Additionally, although women were liberated, the notion of gender equality was never fully acknowledged in China - even to this day. Families continue to want boys over girls, abandon girls to support sons, give men better jobs - even if a woman can do it such as manager or a C-role ect. ect. Certainly, it was a step up from the previous inequality level, however, it wasn't worth the 20 million lives lost. And even though you say that was only 0.02% of the population, it is still 20 million people. 20 million people died. For a revolution that didn't do much good. Even the Nazis killed less people during World War 2 - and that was a world war...this was a revolution.
Women living in China during the Cultural Revolution continue to be affected by the trauma today. One such woman is Ping Fu, who at age 8 was taken from her home by Red Guards and forced to live in a government dormitory in Nanjing. According to Forbes, at the dormitory Ping was "brainwashed, starved, tortured and gang raped." Millions of women went through this suffering, and thousands still have to live with the trauma.
You said that the citizens of China became "manipulated and brainwashed with the ideology of Maoism" which is a huge over-exaggeration. Mao promoted critical thinking and socialist values to help benefit the future of China. Nationwide admission exams were abolished, making it possible for peasants, workers and soldiers to attend university.
Furthermore, you have mentioned that "gender equality was never fully acknowledged in China" but in actual fact, women made substantial gains from the Cultural Revolution that they wouldn't have made otherwise. Many received higher paying industrial jobs, became political leaders and challenge women's inferiority. If it wasn't for the revolution, men in China would still have the ability to marry as many women as they wanted and to divorce them as they pleased. If there was no Cultural Revolution, there would have been no change to the inequality of genders. The idea of Maoism was to create a classless society where no one was deemed better than anyone else, and where everyone was equal.

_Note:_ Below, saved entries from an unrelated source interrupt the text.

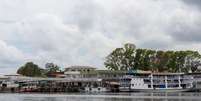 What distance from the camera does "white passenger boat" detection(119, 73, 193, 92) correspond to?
184m

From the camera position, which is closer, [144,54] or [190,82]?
[190,82]

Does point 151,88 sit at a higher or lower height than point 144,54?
lower

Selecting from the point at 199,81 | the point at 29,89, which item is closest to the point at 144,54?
the point at 199,81

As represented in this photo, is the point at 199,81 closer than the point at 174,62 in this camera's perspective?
Yes

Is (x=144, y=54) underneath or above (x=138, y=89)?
above

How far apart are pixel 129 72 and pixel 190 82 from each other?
22.8 m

The achievements of the Cultural Revolution deserve recognition as the most advanced form of a socialist transformation to date. Thus, it is important to avoid the idealized picture of the Chinese Cultural Revolution.

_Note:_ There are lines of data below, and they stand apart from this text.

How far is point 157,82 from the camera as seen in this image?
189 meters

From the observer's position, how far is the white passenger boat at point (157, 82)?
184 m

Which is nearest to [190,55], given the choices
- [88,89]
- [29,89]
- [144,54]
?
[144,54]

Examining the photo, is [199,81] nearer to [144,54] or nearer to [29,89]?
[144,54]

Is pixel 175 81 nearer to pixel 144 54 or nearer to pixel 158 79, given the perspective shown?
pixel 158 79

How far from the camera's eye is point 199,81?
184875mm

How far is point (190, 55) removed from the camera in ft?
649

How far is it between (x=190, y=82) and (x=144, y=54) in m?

- Chinese literacy rates rose. However, this mainly benefited the poor and agriculture/farm workers. This had a reverse effect on the middle to upper-class and the educated. (sent to the country side, deprived of opportunities ect.) Also the education system was badly hurt and took many years to repair.

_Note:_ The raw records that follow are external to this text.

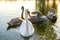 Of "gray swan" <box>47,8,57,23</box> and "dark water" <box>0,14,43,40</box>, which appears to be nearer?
"dark water" <box>0,14,43,40</box>

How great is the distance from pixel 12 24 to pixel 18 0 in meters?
5.93

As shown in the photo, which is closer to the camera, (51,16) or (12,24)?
(12,24)

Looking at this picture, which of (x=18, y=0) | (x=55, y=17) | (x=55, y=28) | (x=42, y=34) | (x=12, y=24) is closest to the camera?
(x=42, y=34)

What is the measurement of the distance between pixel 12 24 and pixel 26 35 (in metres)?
1.79

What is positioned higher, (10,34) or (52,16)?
(52,16)

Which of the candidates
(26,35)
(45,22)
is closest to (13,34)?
(26,35)

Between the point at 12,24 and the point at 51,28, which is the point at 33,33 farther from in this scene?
the point at 12,24

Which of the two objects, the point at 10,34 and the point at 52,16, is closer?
the point at 10,34

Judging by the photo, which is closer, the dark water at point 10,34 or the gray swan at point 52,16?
the dark water at point 10,34

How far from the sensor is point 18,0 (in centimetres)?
1537

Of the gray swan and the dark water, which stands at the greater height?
the gray swan

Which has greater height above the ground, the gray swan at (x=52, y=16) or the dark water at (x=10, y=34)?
the gray swan at (x=52, y=16)

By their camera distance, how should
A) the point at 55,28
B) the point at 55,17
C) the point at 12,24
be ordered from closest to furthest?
the point at 55,28 → the point at 12,24 → the point at 55,17

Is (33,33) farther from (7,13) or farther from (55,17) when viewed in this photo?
(7,13)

- Practically destroyed the Chinese economy and government. Restorations took years.
- Ruined generations of families who were targets of the revolution.
- Many citizens lost their possessions. Politicians, landowners, and the high class society lost their jobs and properties.
- Suicide, murder and violence rate increased.
- The upheavals of the Cultural Revolution and the hostility to the intellectual elite is widely accepted to have damaged the quality of education in China, especially at the upper end of education system. However, the radical policies also provided many in the rural communities with middle school education for the first time, which is thought to have facilitated the rural economic development in the 70s and 80s. Similarly, a large number of health personnel were deployed to the countryside as barefoot doctors during the Cultural Revolution. Some farmers were given informal medical training, and health-care centres were established in rural communities. This process led to a marked improvement in the health and the life expectancy of the general population.
- Womens rights were liberated and a greater sense of equality was achieved.